Подобными рассуждениями можно установить число необходимых присяжных заседателей для различных судов (гражданских, военных и т.д.), введя, разумеется, серию более или менее произвольных гипотез. Это Кондорсэ и делает. Оказывается, количество судей не должно быть слишком большим; 10–15 человек обеспечивают справедливость закона.
Работы Кондорсэ были встречены далеко не единодушно и оценены впоследствии также очень по-разному. Английский философ Стюарт Милль резко осуждал Кондорсэ за произвольность гипотез, положенных в основу вычислений, и в своей книге «Логика» писал, что работа Кондорсэ демонстрирует дурное применение теории вероятностей и является скандалом для математики.
Кондорсэ писал в предисловии к своему труду, что он уверен в возможности применения в учении о морали тех же методов исследования, на которых основано естествознание, и что это мнение ему кажется дорогим и важным, потому что оно вселяет надежду на прогресс человечества и ведет к счастью и совершенству общества. Правда, один из оппонентов Кондорсэ ядовито заметил, что вера Кондорсэ в совершенство человеческой расы, вероятно, пошатнулась, когда он в 1794 году оказался в тюрьме. Тем не менее многие французские математики, начиная с Пуассона, с глубоким уважением отзывались о бедном маркизе, высказывая уверенность, что наивные попытки Кондорсэ не останутся без продолжателей.

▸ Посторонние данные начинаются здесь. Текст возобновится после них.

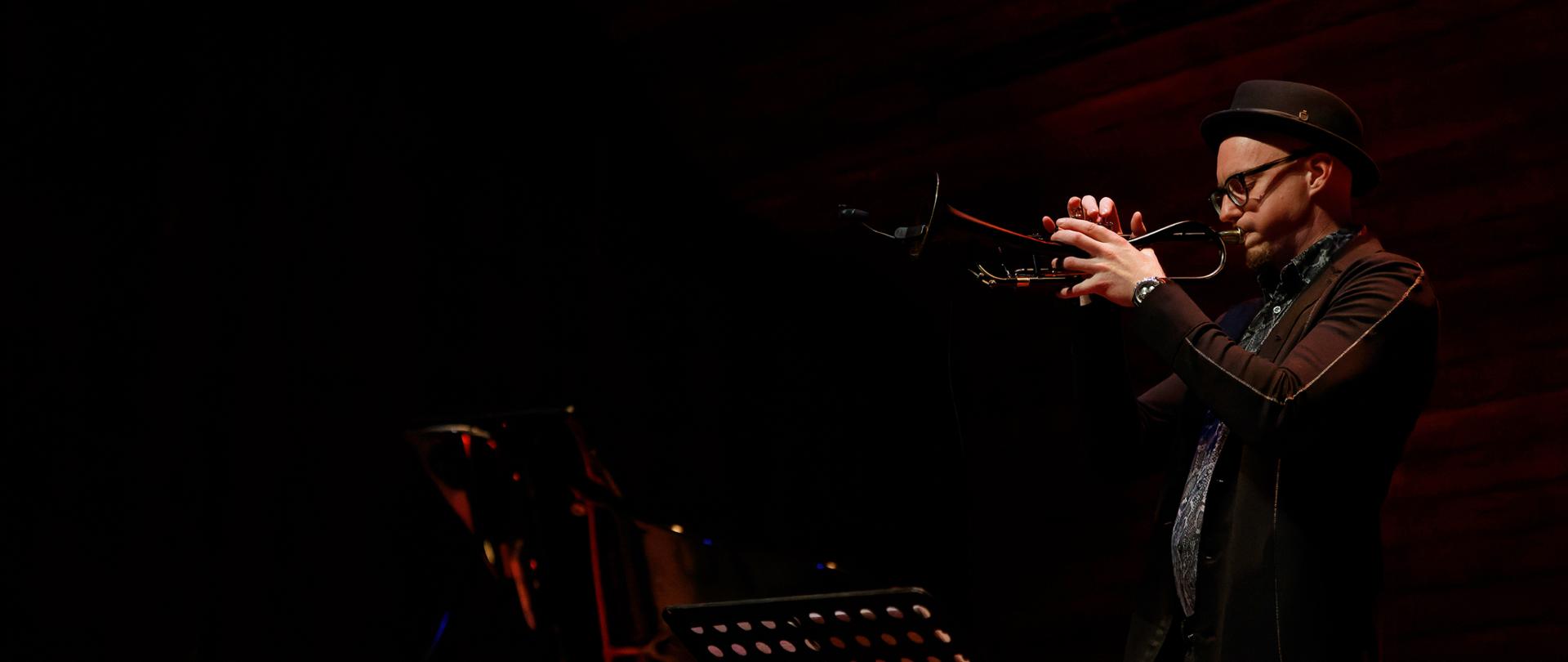 IV Euro-Venezuelan Jazz Festival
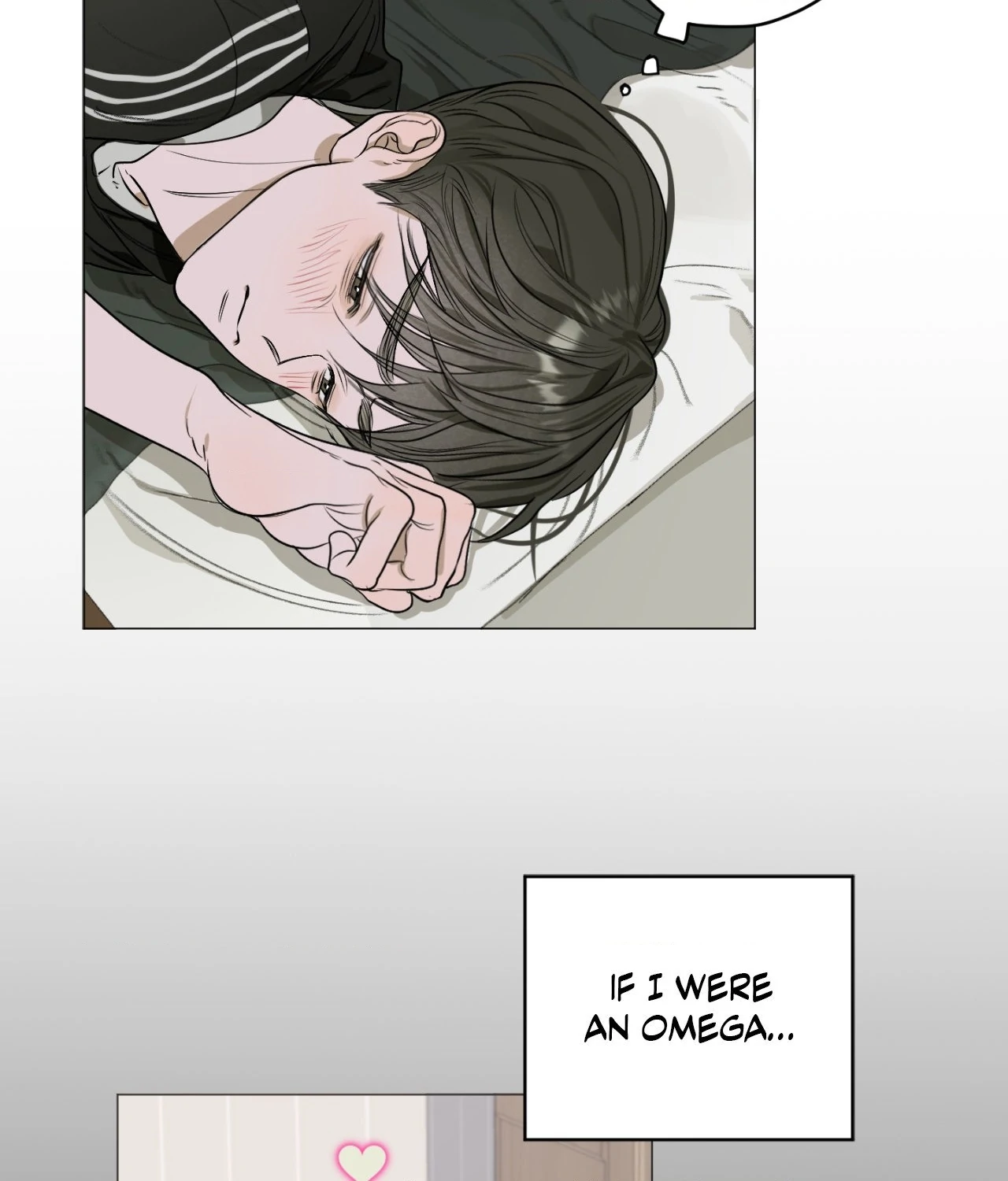 Pond Where Flowers Fall Chapter 2 - Page 40 in English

Возможность и необходимость применения теории вероятностей в этике робко обсуждалась в работах некоторых математиков прошлого и начала этого века.
Наиболее уверенно о пользе переноса понятия вероятности в область морали говорил известный французский математик Эмиль Борель. Вот как он рассуждал о возможности количественной оценки такого человеческого качества, как эгоизм.
«Самое возвышенное правило морали, когда-либо предлагавшееся людям, – начинает Борель, – заключается в евангельской заповеди – возлюби ближнего, как самого себя».
Однако, рассуждает он далее, насколько реалистична эта заповедь? Нетрудно видеть, что человек, рассматривающий обитателей не только земного шара или своей страны, но даже одного своего села как самого себя, должен разделить все, что имеет, на такое число частей и направить свои интересы и свою деятельность по стольким руслам, что жизнь его станет невозможной. Исходя из этого, предлагает Борель, надо упомянутую заповедь заменить следующей: «Рассматривай своего ближнего как величину, эквивалентную не самому себе, а части себя, заключающейся между нолем и единицей».
Эта заповедь, которую можно назвать заповедью разумного альтруизма (или эгоизма), логична и должна способствовать нормальному развитию личности. Действительно, наше отношение к другому человеку вполне возможно описать неким коэффициентом альтруизма. (Коэффициент эгоизма равен, конечно, единице минус коэффициент альтруизма.) Коэффициент этот, очевидно, будет весьма высоким по отношению к жене и детям (у некоторых лиц он может доходить до единицы, падая у других иногда до ничтожных долей единицы); относительно прочих родственников он будет, вероятно, колебаться около одной второй. Сотыми долями единицы будет характеризоваться отношение к соотечественникам, и, наконец, еще меньшим будет коэффициент альтруизма по отношению к любому человеку. Думается, что все сказанное справедливо. Действительно, очень редко можно встретить человека, который относился бы к «ближнему» с коэффициентом, равным нулю или отрицательной величине. Не иначе как сумасшедшим назовем мы субъекта, который способен поджечь дом соседа, чтобы собрать уголья для приготовления шашлыка. Очевидно также, что столь же редки люди, способные ради интересов постороннего человека предать забвению свои собственные. Так что коэффициент альтруизма по отношению к любому человеку лежит, бесспорно, между единицей и нолем.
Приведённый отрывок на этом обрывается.